Physical characteristics
- • location: southwestern Harrison County
- • coordinates: 39°12′17″N 80°31′36″W﻿ / ﻿39.20472°N 80.52667°W
- • elevation: 1,289 ft (393 m)
- Mouth: West Fork River
- • location: Lumberport
- • coordinates: 39°22′39″N 80°20′21″W﻿ / ﻿39.37750°N 80.33917°W
- • elevation: 892 ft (272 m)
- Length: 26.4 mi (42.5 km)
- Basin size: 126 sq mi (330 km^{2})

= Tenmile Creek (West Fork River tributary) =

Tributary of river in West Virginia

Tenmile Creek is a tributary of the West Fork River, 26.4 mi long, in north-central West Virginia in the United States. Via the West Fork, Monongahela and Ohio Rivers, it is part of the watershed of the Mississippi River, draining an area of 126 sqmi on the unglaciated portion of the Allegheny Plateau.

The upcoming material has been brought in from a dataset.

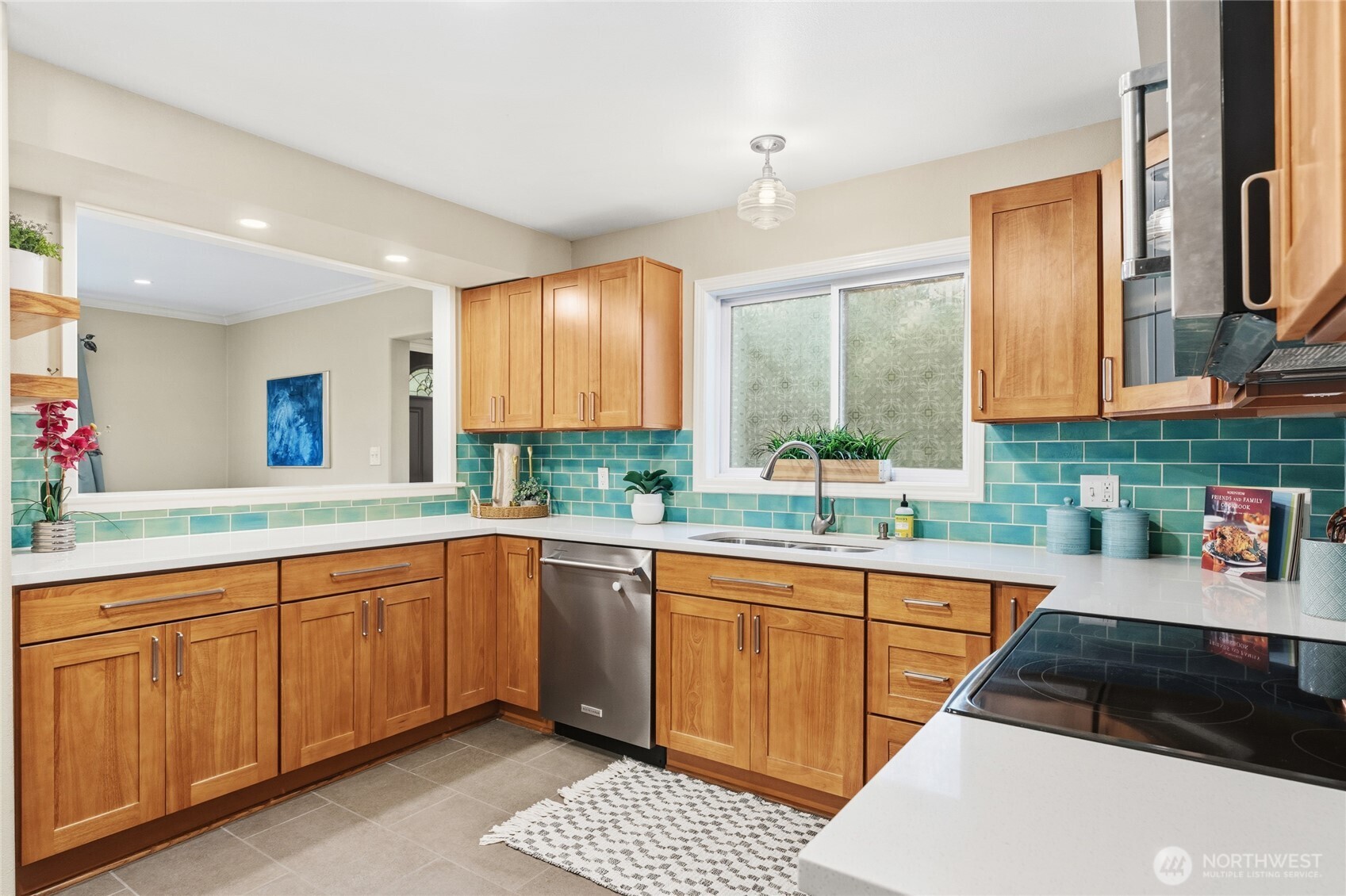 2300 NE 8th Place , Renton, WA 98056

==Location and tributaries==
Tenmile Creek and its watershed are located entirely in western and northern Harrison County. It rises in the southwestern part of the county, approximately 8 mi west of West Milford, and flows northwardly and northeastwardly to the town of Lumberport, where it joins the West Fork River from the southwest. Its tributaries include Salem Fork, which drains the city of Salem; and Little Tenmile Creek, 13 mi long, which flows southeastwardly through northwestern Harrison County and the small communities of Wallace, Brown, Dola, and Rosebud.

==Watershed==
According to the West Virginia Department of Environmental Protection, approximately 81% of Tenmile Creek's watershed is forested, mostly deciduous. Approximately 13% is used for pasture and agriculture, and less than 1% is urban.

==Alternative name==
According to the Geographic Names Information System, Tenmile Creek has also been known historically as Coal Bank Creek.